- DATA PROVIDED
- - - - - - -

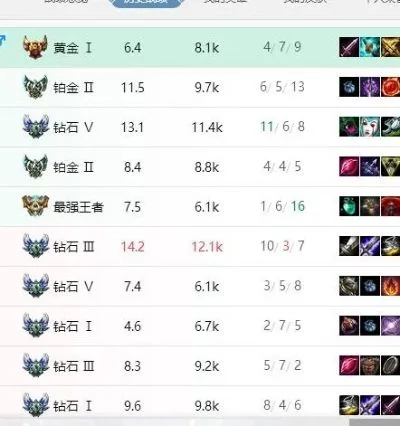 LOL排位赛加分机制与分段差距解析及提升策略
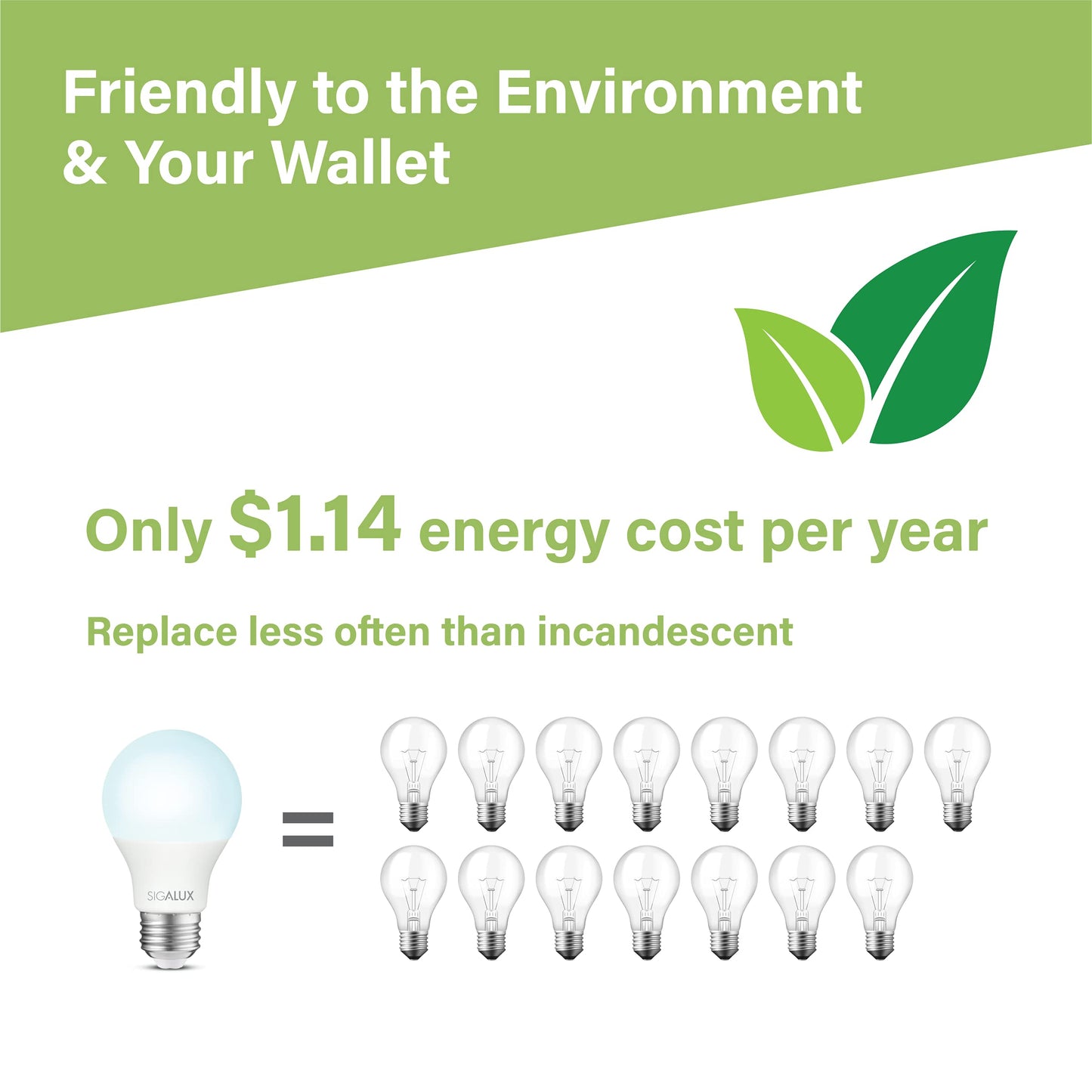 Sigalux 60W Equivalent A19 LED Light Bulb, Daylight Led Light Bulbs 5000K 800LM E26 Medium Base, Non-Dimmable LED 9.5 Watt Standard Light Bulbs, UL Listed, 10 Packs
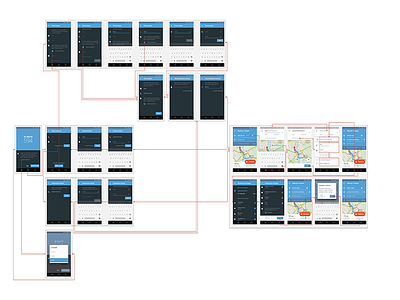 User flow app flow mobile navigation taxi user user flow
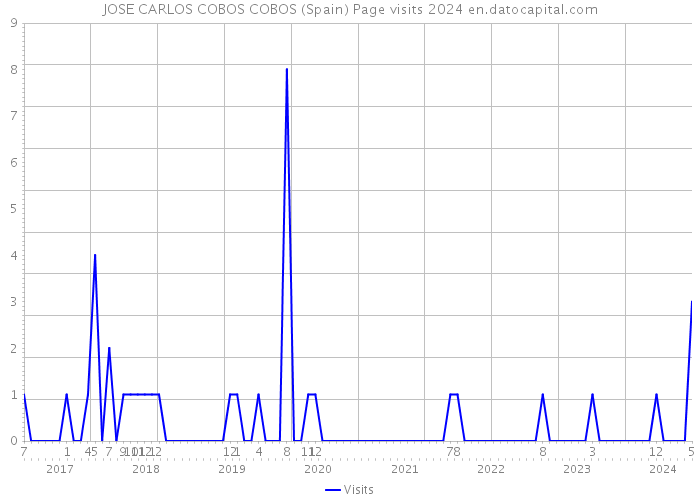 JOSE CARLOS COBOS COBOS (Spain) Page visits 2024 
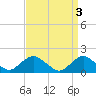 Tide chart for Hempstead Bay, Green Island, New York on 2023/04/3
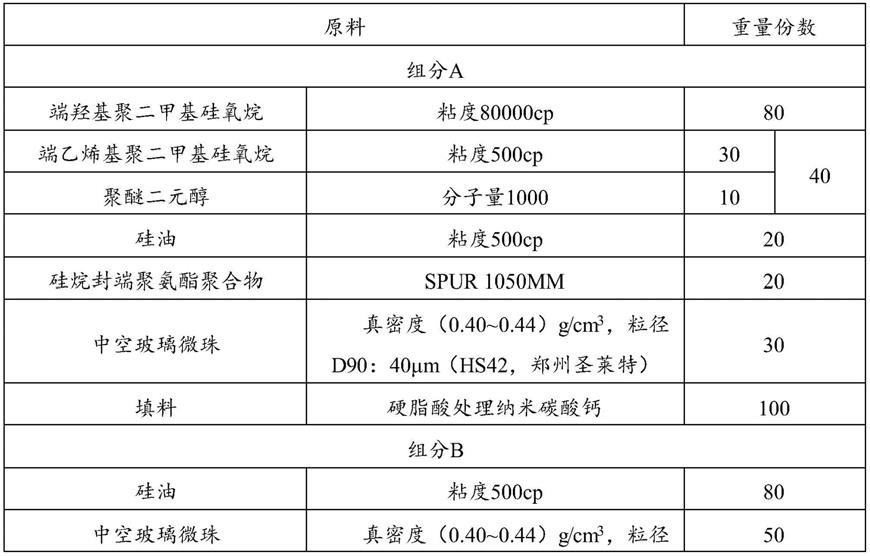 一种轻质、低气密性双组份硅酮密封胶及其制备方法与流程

- - - - - - -

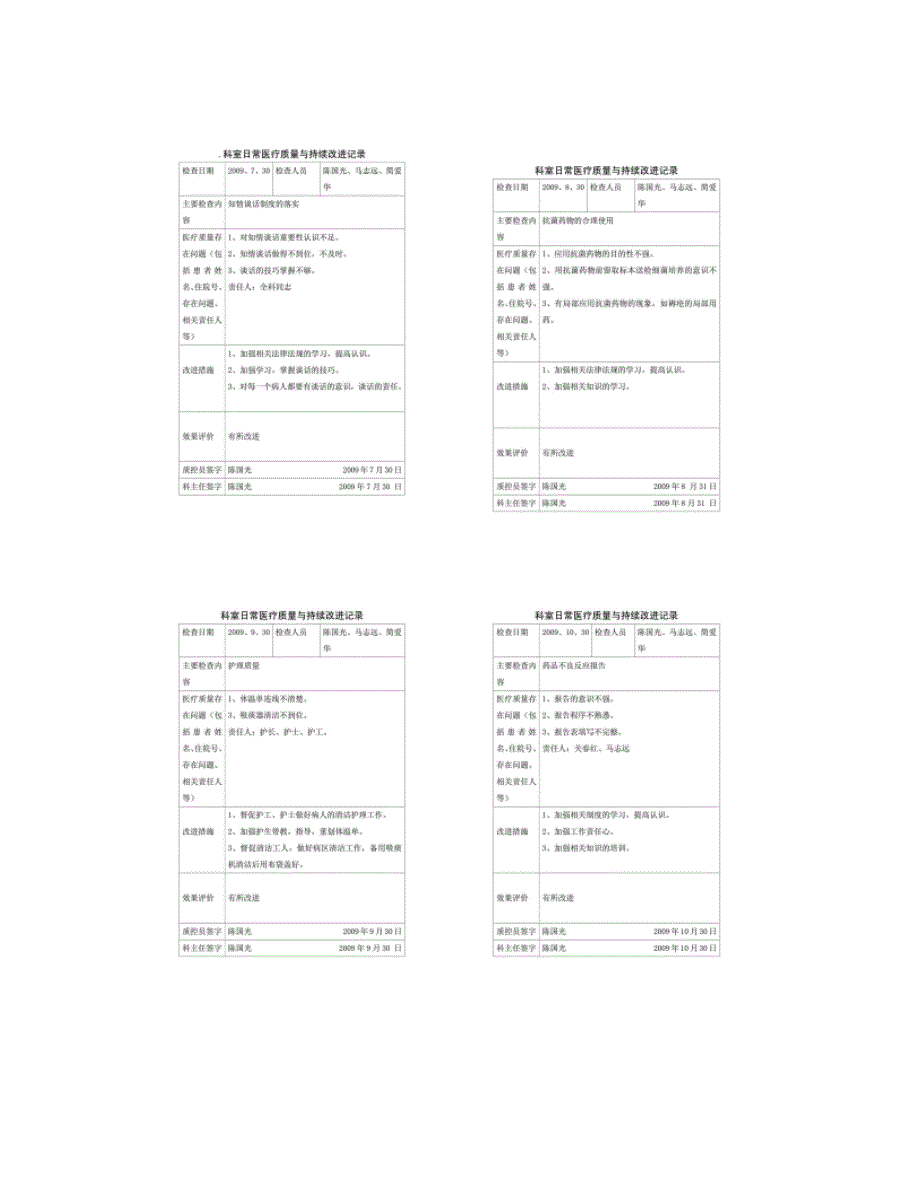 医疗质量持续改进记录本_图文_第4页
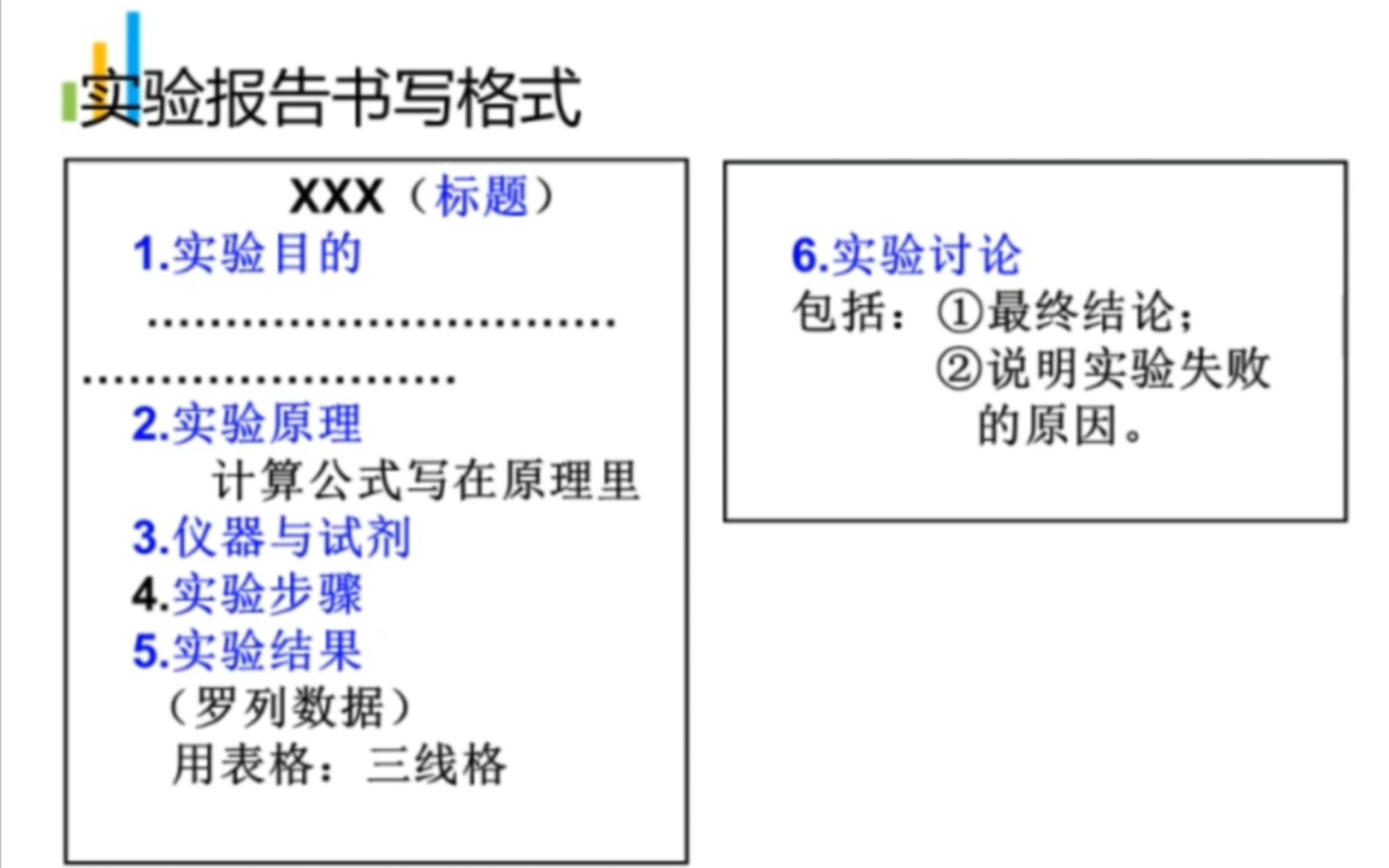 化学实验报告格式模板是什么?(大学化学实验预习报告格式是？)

- - - - - - -

- AIM OF THE TASK
Leaving out the pictures, please output the lines in the entries above from the one with "LOL排位赛加分机制与分段差距解析及提升策略" through the one with "一种轻质、低气密性双组份硅酮密封胶及其制备方法与流程", exactly as they are.

- TASK ANSWER
 LOL排位赛加分机制与分段差距解析及提升策略
 Sigalux 60W Equivalent A19 LED Light Bulb, Daylight Led Light Bulbs 5000K 800LM E26 Medium Base, Non-Dimmable LED 9.5 Watt Standard Light Bulbs, UL Listed, 10 Packs
 User flow app flow mobile navigation taxi user user flow
 JOSE CARLOS COBOS COBOS (Spain) Page visits 2024 
 Tide chart for Hempstead Bay, Green Island, New York on 2023/04/3
 一种轻质、低气密性双组份硅酮密封胶及其制备方法与流程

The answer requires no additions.